◆ Problem ◆
Could the records be returned exactly, with the pictures left out?

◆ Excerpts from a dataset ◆

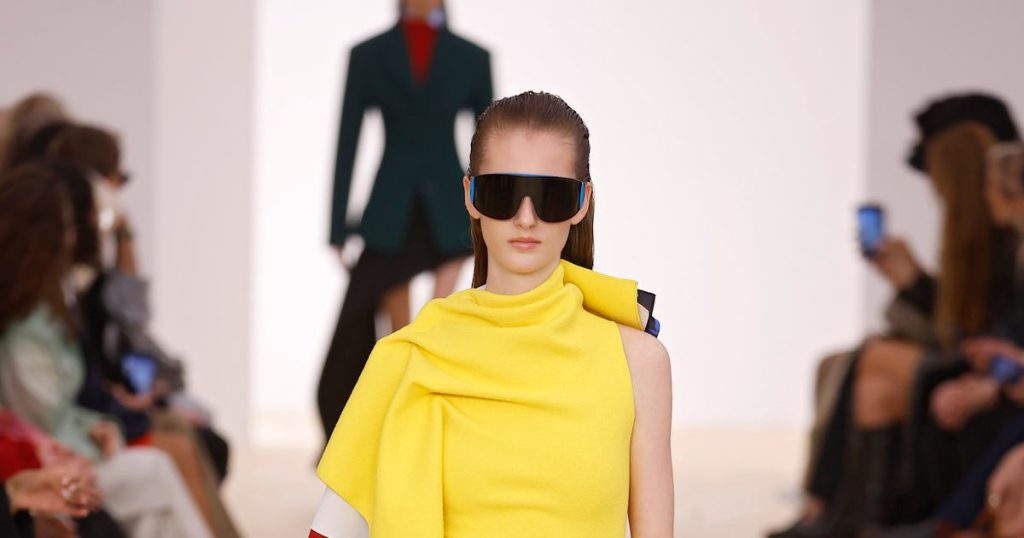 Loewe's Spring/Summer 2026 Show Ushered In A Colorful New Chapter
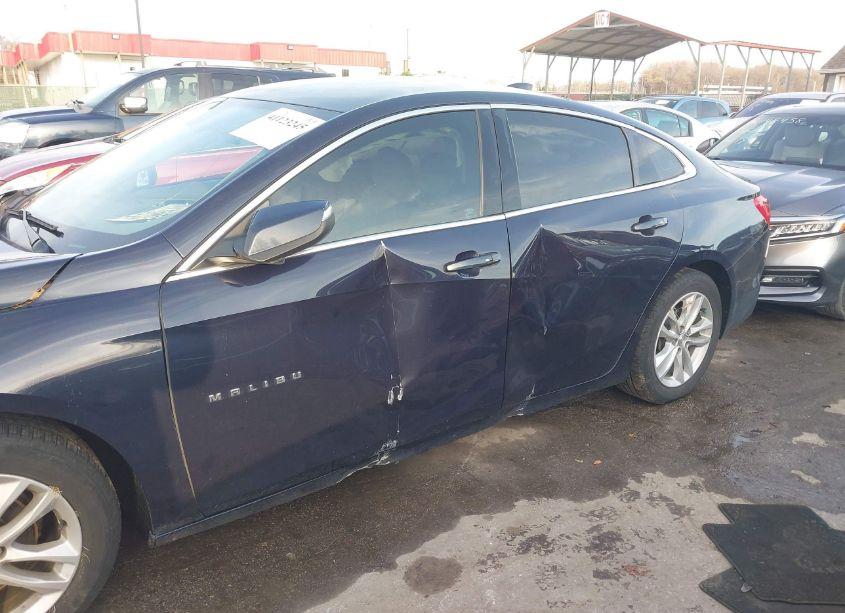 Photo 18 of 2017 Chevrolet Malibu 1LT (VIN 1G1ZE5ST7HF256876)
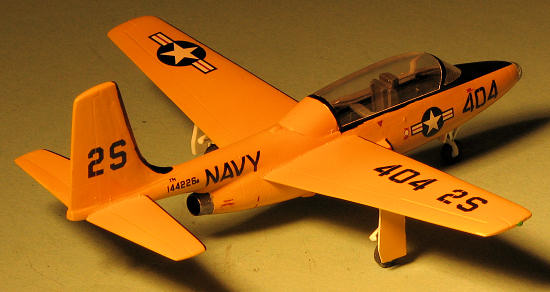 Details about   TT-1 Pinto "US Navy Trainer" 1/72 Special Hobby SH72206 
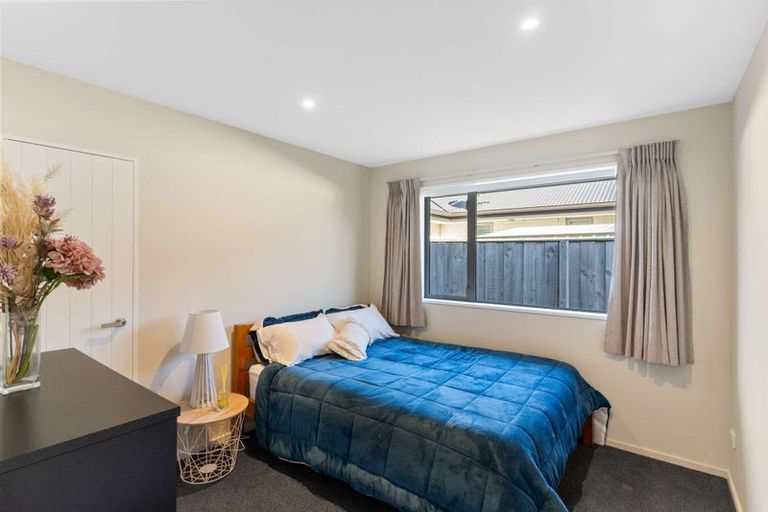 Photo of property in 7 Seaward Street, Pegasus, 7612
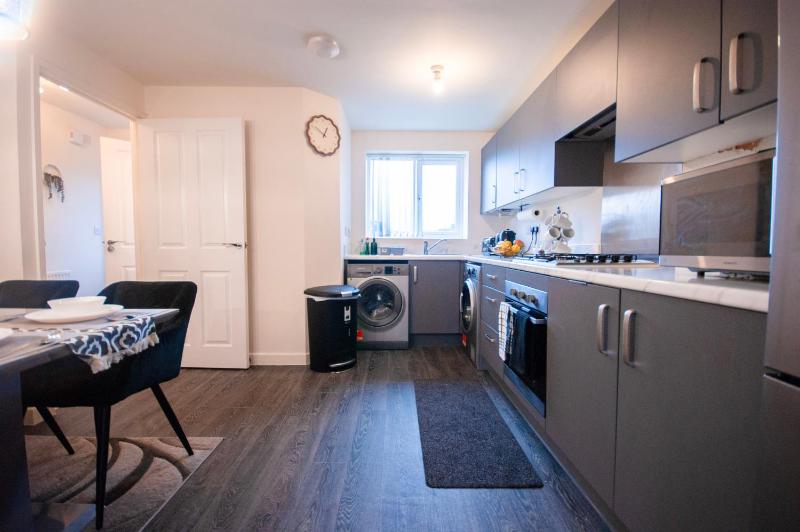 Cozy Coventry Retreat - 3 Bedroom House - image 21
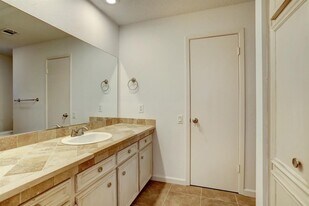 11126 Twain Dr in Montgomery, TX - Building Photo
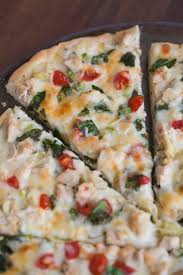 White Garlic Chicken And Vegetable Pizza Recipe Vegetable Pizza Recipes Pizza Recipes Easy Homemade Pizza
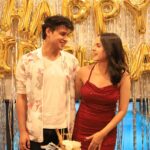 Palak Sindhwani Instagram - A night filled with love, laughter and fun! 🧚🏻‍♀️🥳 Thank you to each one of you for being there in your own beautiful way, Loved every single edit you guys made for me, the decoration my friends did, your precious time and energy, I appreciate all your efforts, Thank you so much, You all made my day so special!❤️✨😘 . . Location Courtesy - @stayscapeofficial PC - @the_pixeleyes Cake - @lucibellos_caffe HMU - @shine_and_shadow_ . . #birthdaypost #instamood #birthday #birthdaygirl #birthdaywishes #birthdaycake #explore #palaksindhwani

◆ Task response ◆
 Loewe's Spring/Summer 2026 Show Ushered In A Colorful New Chapter
 Photo 18 of 2017 Chevrolet Malibu 1LT (VIN 1G1ZE5ST7HF256876)
 Details about   TT-1 Pinto "US Navy Trainer" 1/72 Special Hobby SH72206 
 Photo of property in 7 Seaward Street, Pegasus, 7612
 Cozy Coventry Retreat - 3 Bedroom House - image 21
 11126 Twain Dr in Montgomery, TX - Building Photo
 White Garlic Chicken And Vegetable Pizza Recipe Vegetable Pizza Recipes Pizza Recipes Easy Homemade Pizza
 Palak Sindhwani Instagram - A night filled with love, laughter and fun! 🧚🏻‍♀️🥳 Thank you to each one of you for being there in your own beautiful way, Loved every single edit you guys made for me, the decoration my friends did, your precious time and energy, I appreciate all your efforts, Thank you so much, You all made my day so special!❤️✨😘 . . Location Courtesy - @stayscapeofficial PC - @the_pixeleyes Cake - @lucibellos_caffe HMU - @shine_and_shadow_ . . #birthdaypost #instamood #birthday #birthdaygirl #birthdaywishes #birthdaycake #explore #palaksindhwani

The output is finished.